■ Records for the task
+ + + + +
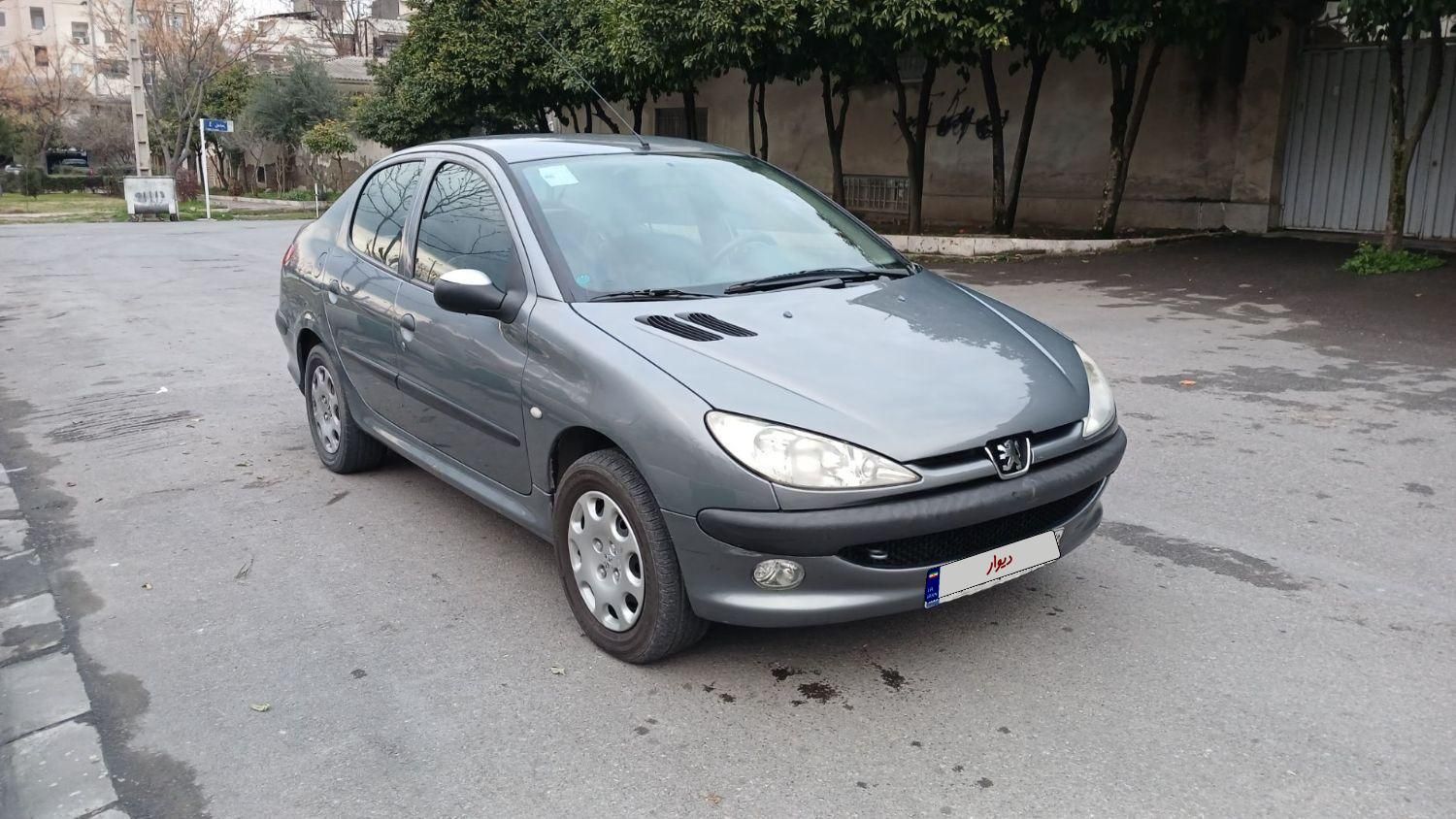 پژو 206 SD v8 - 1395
+ + + + +
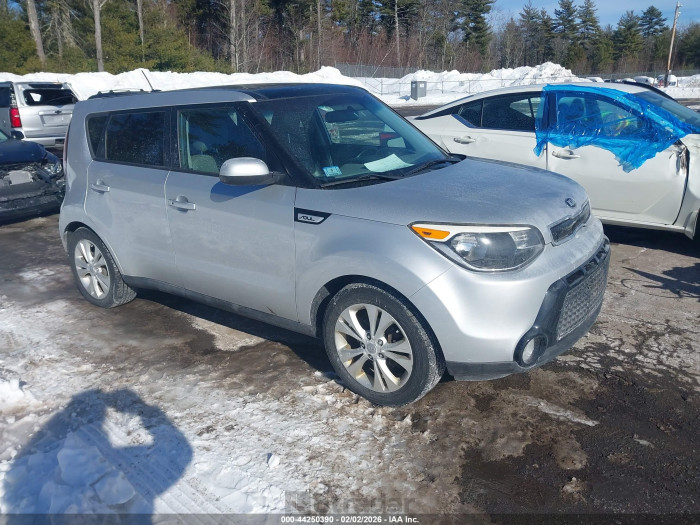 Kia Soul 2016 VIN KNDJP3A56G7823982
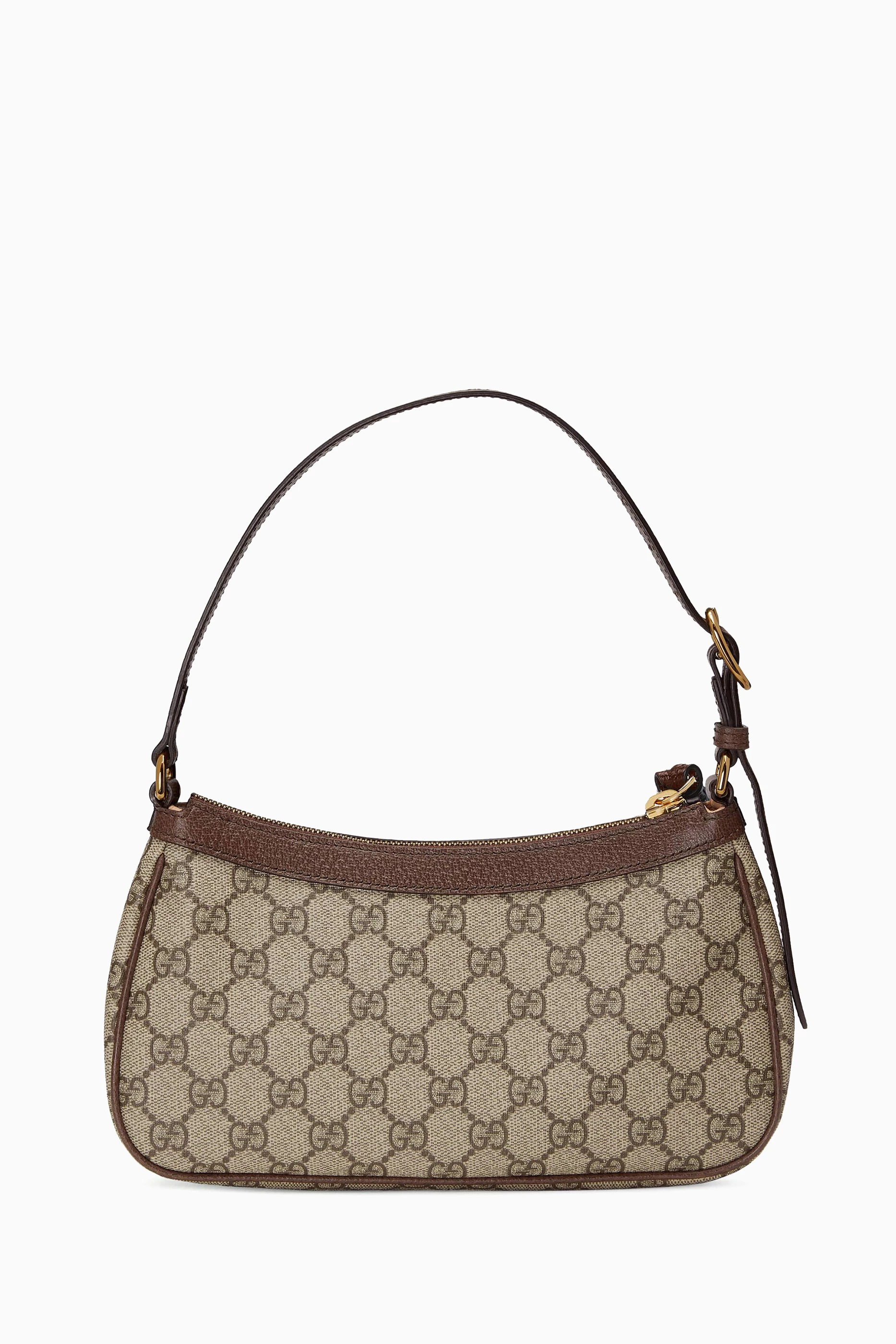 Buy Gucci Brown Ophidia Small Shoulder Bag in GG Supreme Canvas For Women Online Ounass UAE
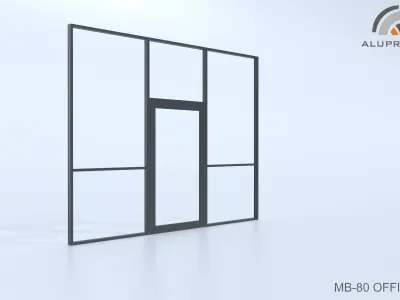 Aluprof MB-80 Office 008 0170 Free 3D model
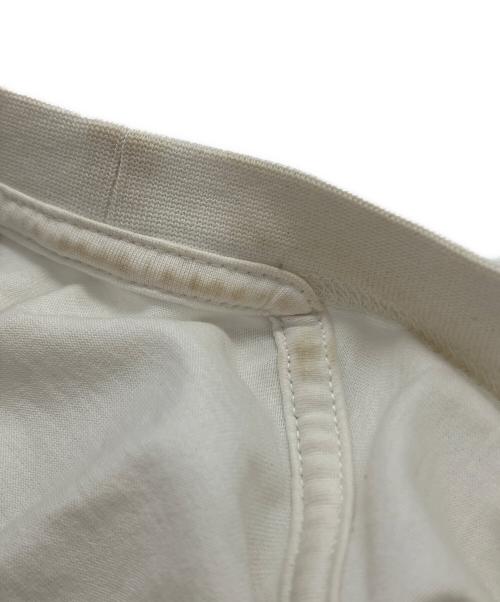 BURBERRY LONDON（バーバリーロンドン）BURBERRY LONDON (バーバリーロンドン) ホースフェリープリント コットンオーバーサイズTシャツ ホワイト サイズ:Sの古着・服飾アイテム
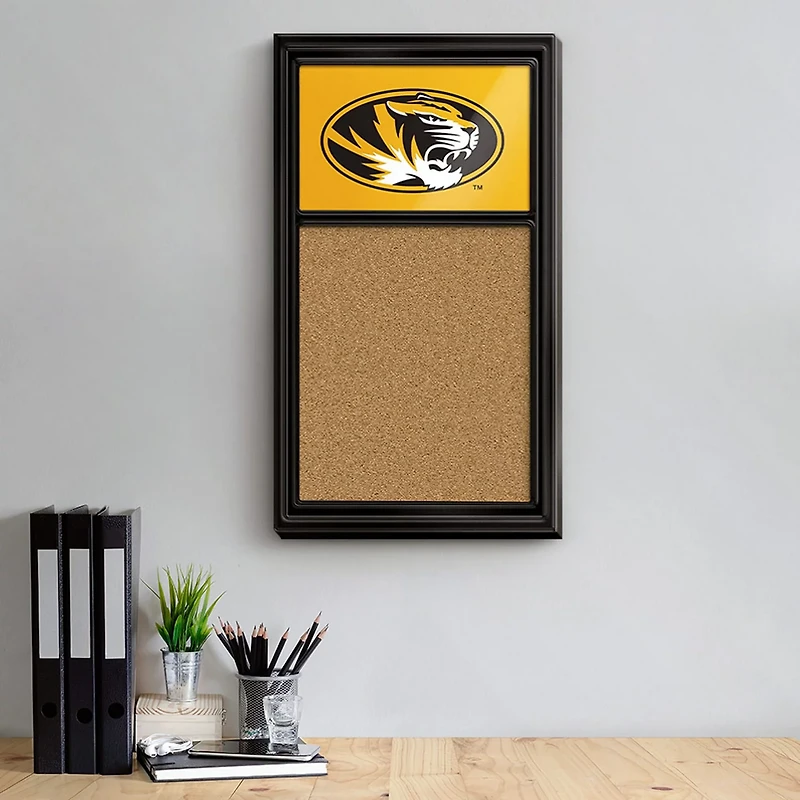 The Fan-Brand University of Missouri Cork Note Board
+ + + + +
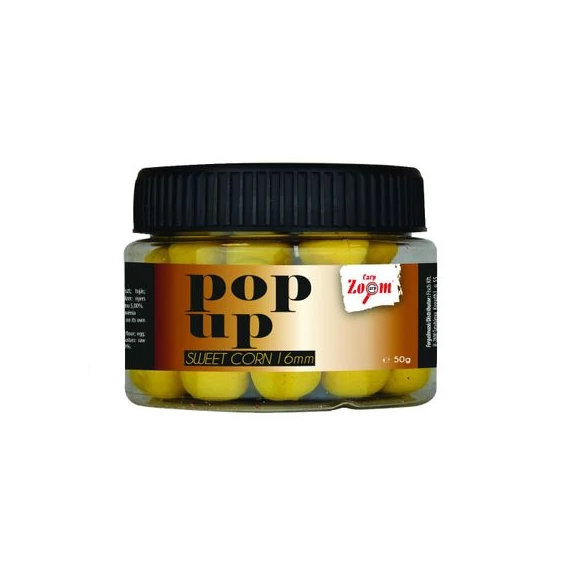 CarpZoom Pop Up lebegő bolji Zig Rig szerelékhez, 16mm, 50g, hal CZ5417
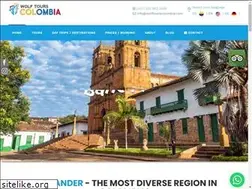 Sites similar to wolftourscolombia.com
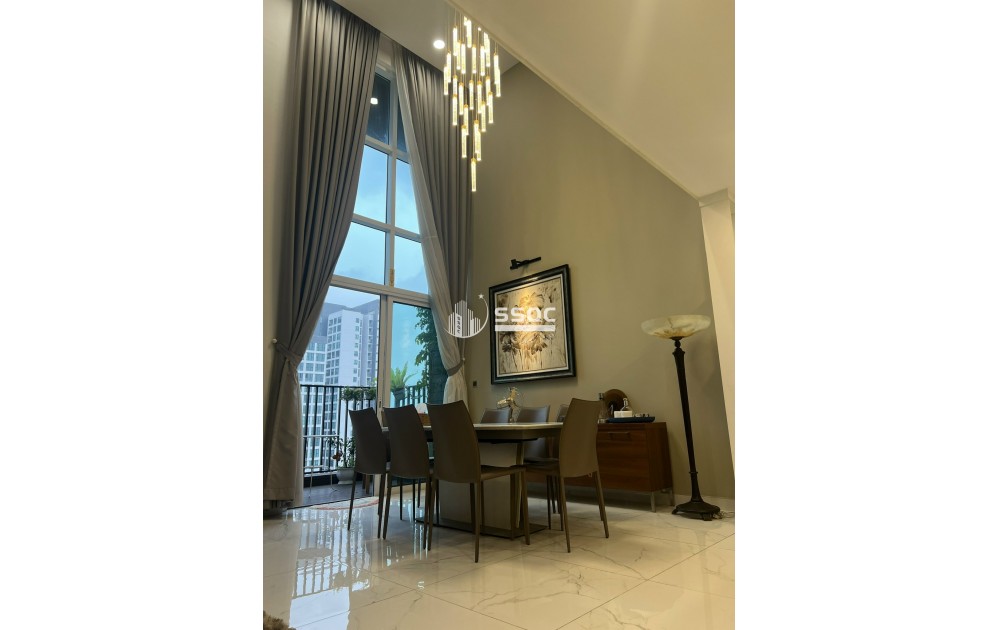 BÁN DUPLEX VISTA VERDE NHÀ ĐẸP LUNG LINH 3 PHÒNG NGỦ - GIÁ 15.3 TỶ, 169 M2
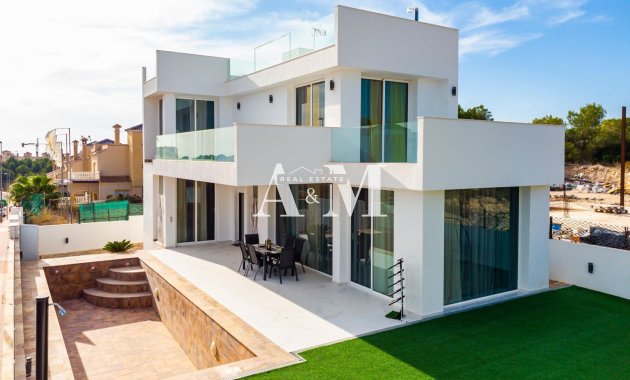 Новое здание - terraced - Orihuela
+ + + + +
■ Work required
A clean copy is needed of the lines in the listing above from the one with "Buy Gucci Brown" through the one with "The Fan-Brand University", exact in every word and free of pictures.

■ Exercise result
 Buy Gucci Brown Ophidia Small Shoulder Bag in GG Supreme Canvas For Women Online Ounass UAE
 Aluprof MB-80 Office 008 0170 Free 3D model
 BURBERRY LONDON（バーバリーロンドン）BURBERRY LONDON (バーバリーロンドン) ホースフェリープリント コットンオーバーサイズTシャツ ホワイト サイズ:Sの古着・服飾アイテム
 The Fan-Brand University of Missouri Cork Note Board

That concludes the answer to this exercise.